→ **What to work on**: Omit all pictures, then retype the data exactly as given.

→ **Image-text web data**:
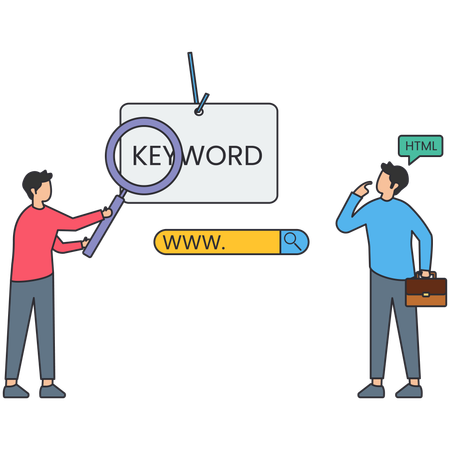 Geschäftsmann macht Keyword-Analyse  Illustration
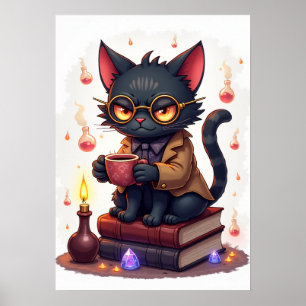 Mürrische Katze Dark Academia Leser Buchwurm Gothi Poster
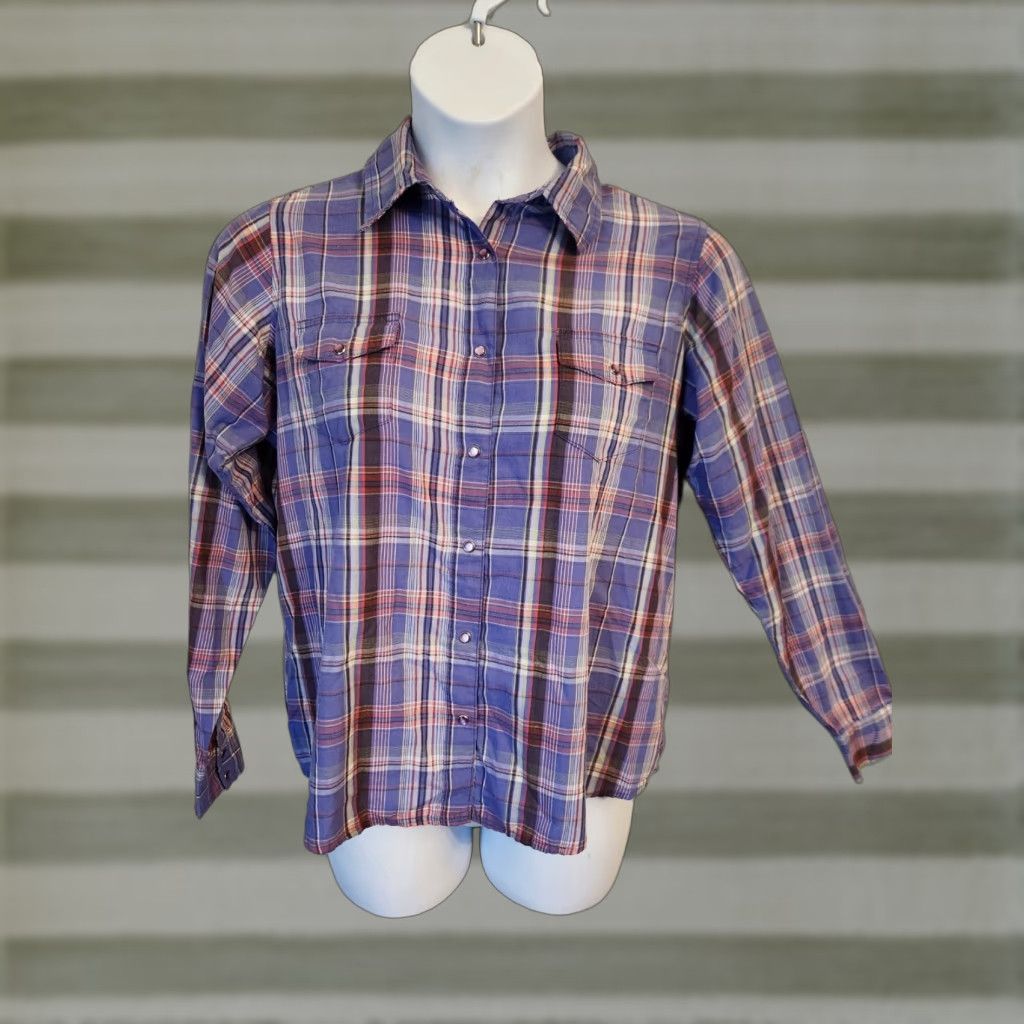 Wrangler VINTAGE Wrangler Wrancher Purple Pink Plaid Pearl Snaps Western Shirt Top XL Size XL / US 12-14 / IT 48-50 - 1 Thumbnail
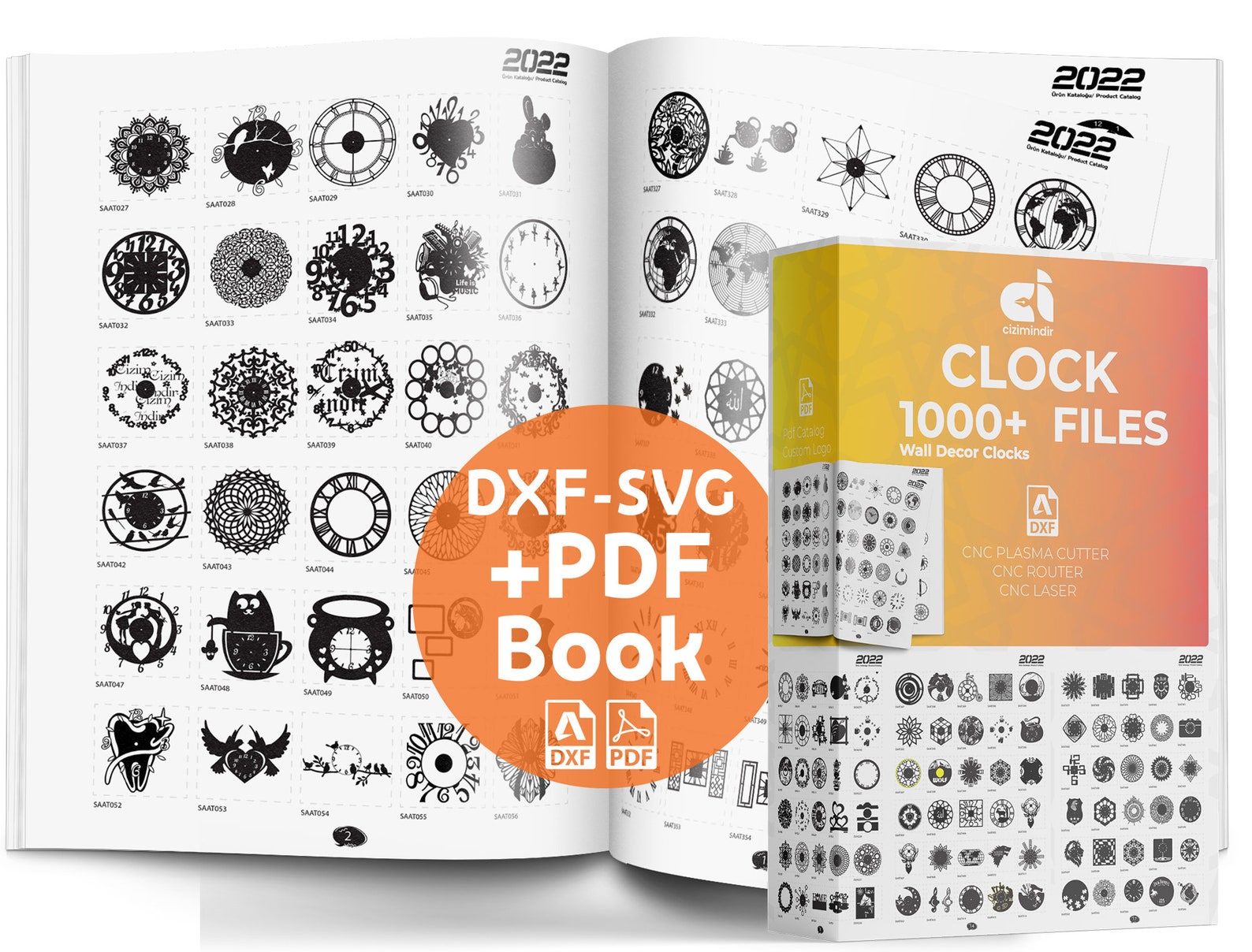 Simple Clock Dxf Files Wall Clock Svg DXF Files 1000+pcs Collection +pdf Catalog Drawing File ...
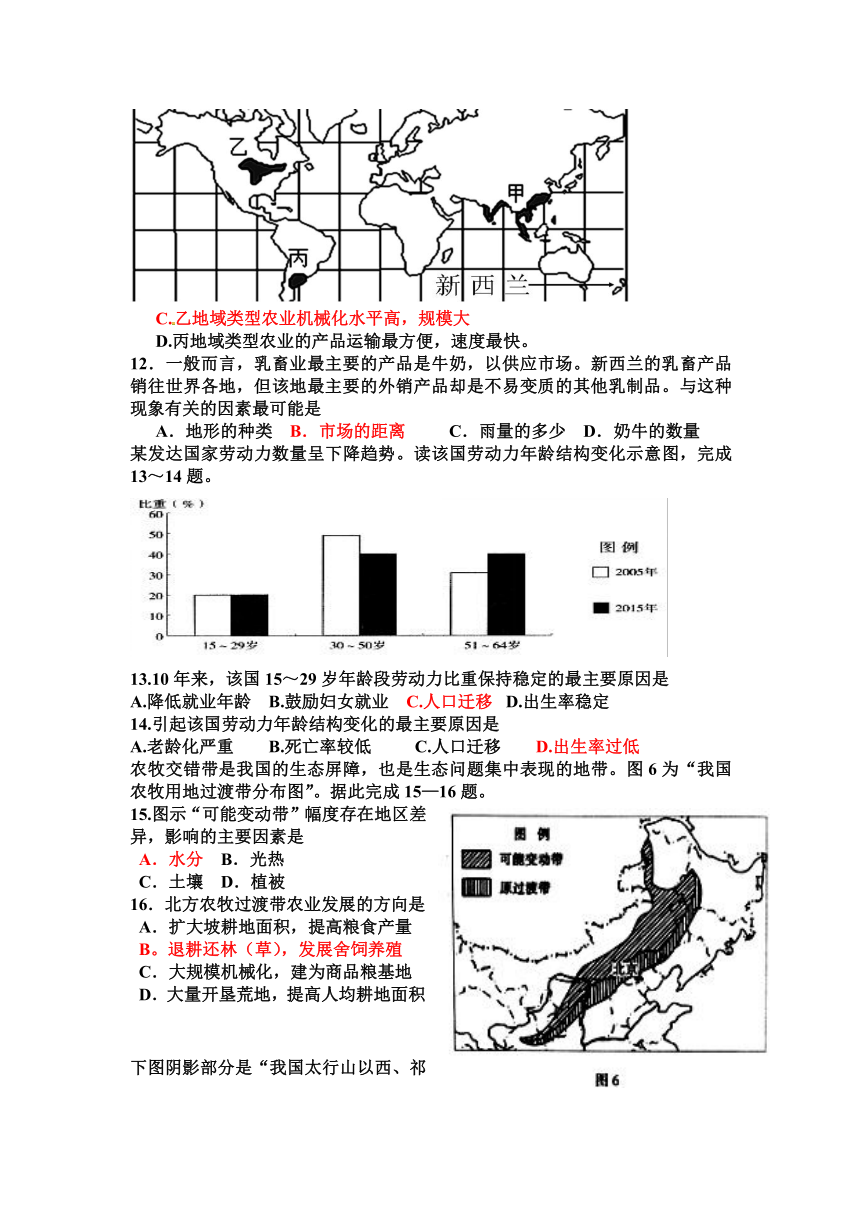 江西省丰城中学2015-2016学年高一下学期第二次月考地理试题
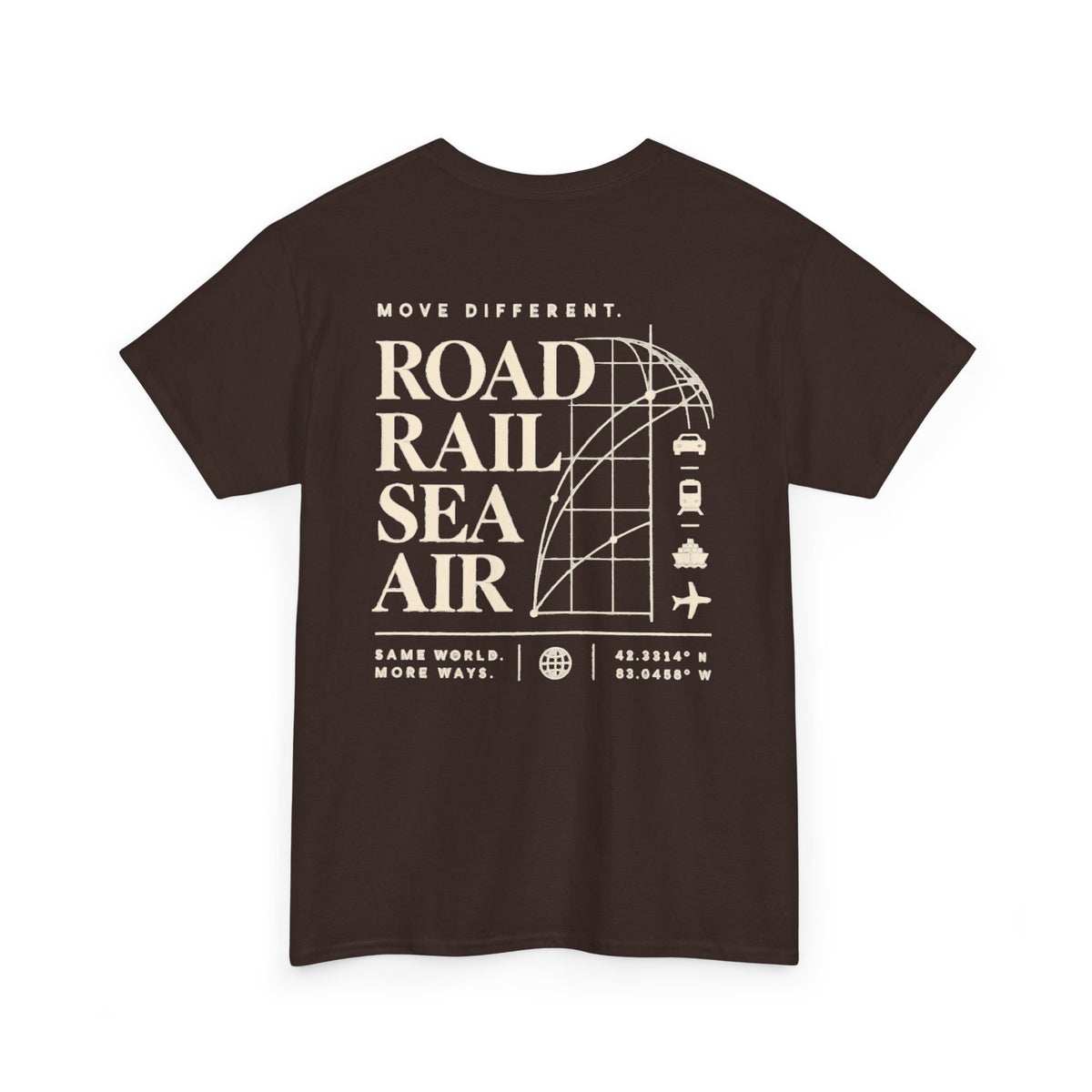 Travel Vibes T‑Shirt — "Road Rail Sea Air" Vintage Transport Graphic Tee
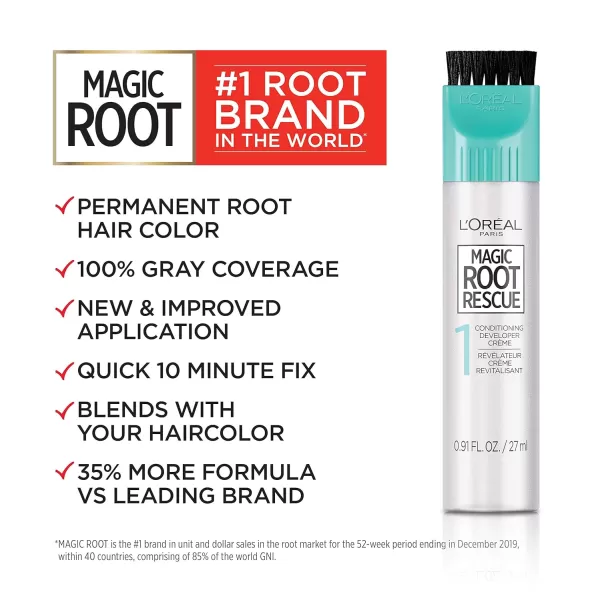 L'Oreal Paris Magic Root Rescue 10 Minute Root Hair Coloring Kit, Permanent Hair Color with Quick Precision Applicator, 100 percent Gray Coverage, 5 Medium Brown, 1 kit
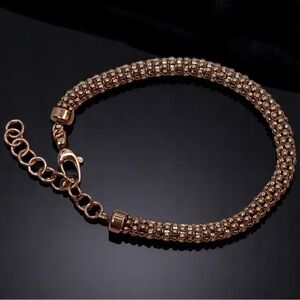 Vintage Woven Bead Bracelet - Metallic Bronze Tone, Lobster Clasp 9”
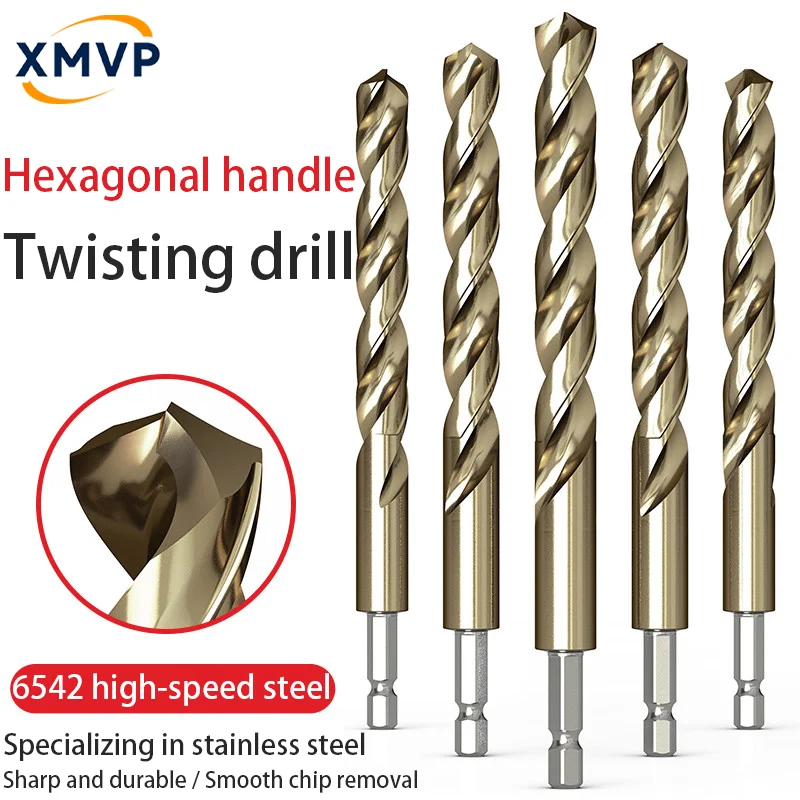 

Hexagonal shank Fried Dough Twists drill, titanium plated, stainless steel metal iron, straight shank high-speed steel tapper dr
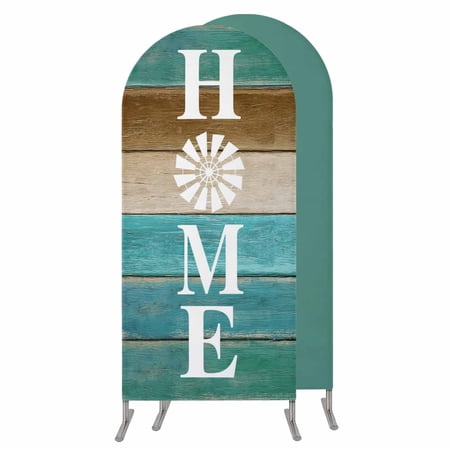 Teal Blue Brown Wedding Arch Cover Stretchy Spandex Arch Backdrop Stand Covers 6.6 FT Home Vintage Farmhouse Retro Wooden Round Top Arched Backdrop Cover for Birthday Party Ceremony Baby Shower Event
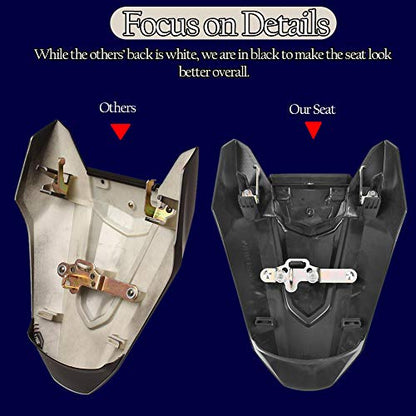 Safuotn Motorcycle CB650R CBR650R Rear Seat Cowl Cover Passenger Pillion Cowl Solo Seat Cover Tail Section Fairing for Ho-n-da CB 650R CBR 650R 2019 2020 CBR650 R Accessories (Carbon fiber look)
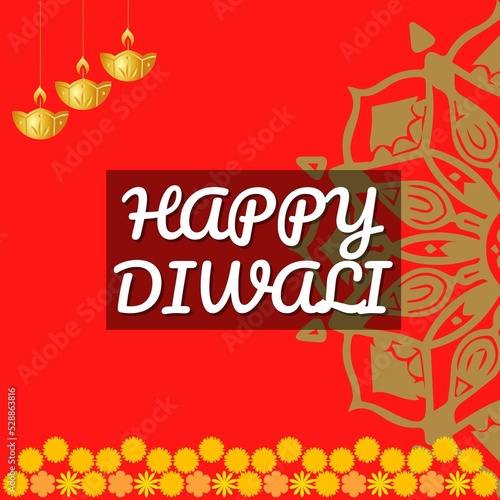 Creative illustration design for social media templates to celebrate Diwali on 24th October. This design is also suitable for graphic resources.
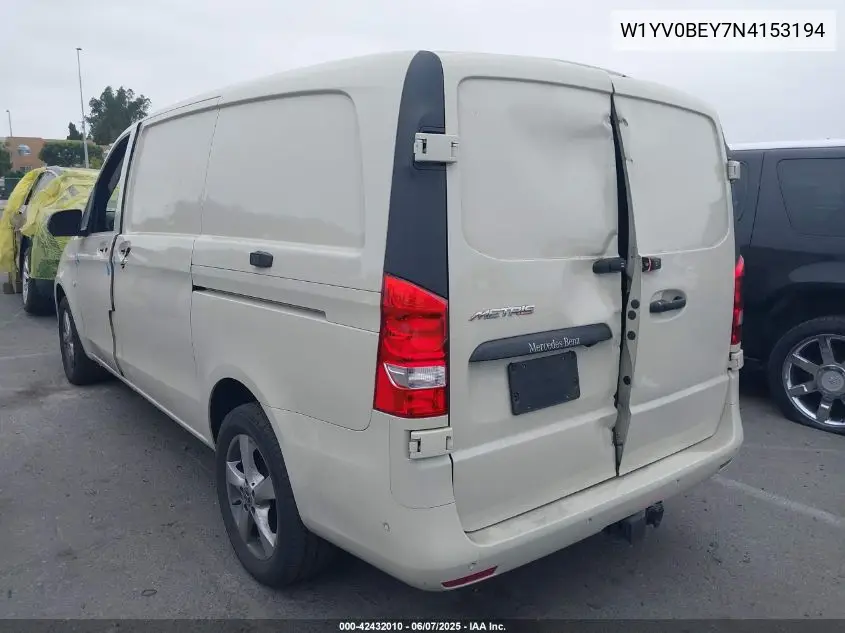 2022 Mercedes-Benz Metris VIN: W1YV0BEY7N4153194 Lot: 42432010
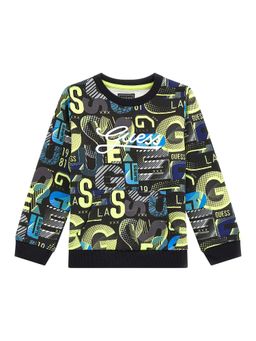 Guess - Boys Green Printed Sweatshirt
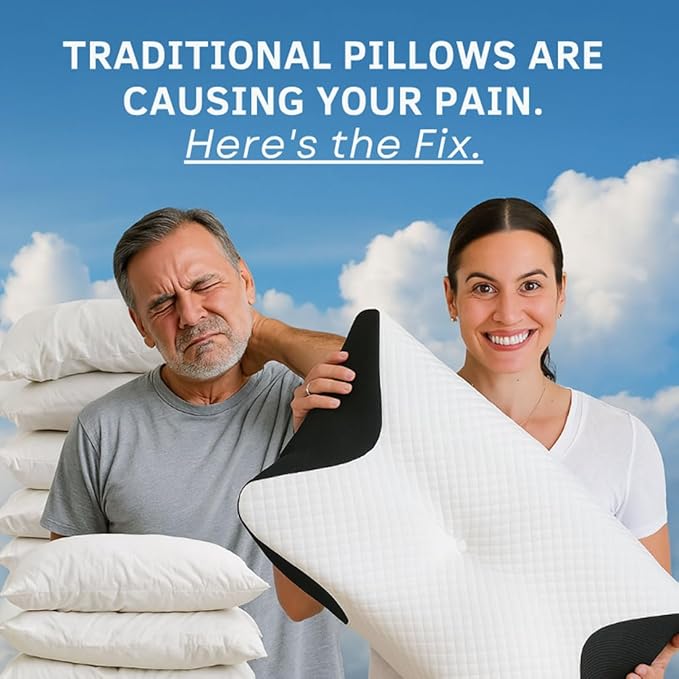Premium Relief Pillow, 2026 New 2-in-1 Ergonomic Pillow with Case, Adjustable Memory Foam Supports Pillows, Orthopedic Bed Pillows for Side Back Stomach Sleeper (1PC-Black)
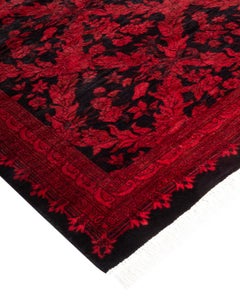 Contemporary Overdyed Hand Knotted Wool Red Runner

→ **Response area**:
 Geschäftsmann macht Keyword-Analyse  Illustration
 Mürrische Katze Dark Academia Leser Buchwurm Gothi Poster
 Wrangler VINTAGE Wrangler Wrancher Purple Pink Plaid Pearl Snaps Western Shirt Top XL Size XL / US 12-14 / IT 48-50 - 1 Thumbnail
 Simple Clock Dxf Files Wall Clock Svg DXF Files 1000+pcs Collection +pdf Catalog Drawing File ...
 江西省丰城中学2015-2016学年高一下学期第二次月考地理试题
 Travel Vibes T‑Shirt — "Road Rail Sea Air" Vintage Transport Graphic Tee
 L'Oreal Paris Magic Root Rescue 10 Minute Root Hair Coloring Kit, Permanent Hair Color with Quick Precision Applicator, 100 percent Gray Coverage, 5 Medium Brown, 1 kit
 Vintage Woven Bead Bracelet - Metallic Bronze Tone, Lobster Clasp 9”

Hexagonal shank Fried Dough Twists drill, titanium plated, stainless steel metal iron, straight shank high-speed steel tapper dr
 Teal Blue Brown Wedding Arch Cover Stretchy Spandex Arch Backdrop Stand Covers 6.6 FT Home Vintage Farmhouse Retro Wooden Round Top Arched Backdrop Cover for Birthday Party Ceremony Baby Shower Event
 Safuotn Motorcycle CB650R CBR650R Rear Seat Cowl Cover Passenger Pillion Cowl Solo Seat Cover Tail Section Fairing for Ho-n-da CB 650R CBR 650R 2019 2020 CBR650 R Accessories (Carbon fiber look)
 Creative illustration design for social media templates to celebrate Diwali on 24th October. This design is also suitable for graphic resources.
 2022 Mercedes-Benz Metris VIN: W1YV0BEY7N4153194 Lot: 42432010
 Guess - Boys Green Printed Sweatshirt
Premium Relief Pillow, 2026 New 2-in-1 Ergonomic Pillow with Case, Adjustable Memory Foam Supports Pillows, Orthopedic Bed Pillows for Side Back Stomach Sleeper (1PC-Black)
 Contemporary Overdyed Hand Knotted Wool Red Runner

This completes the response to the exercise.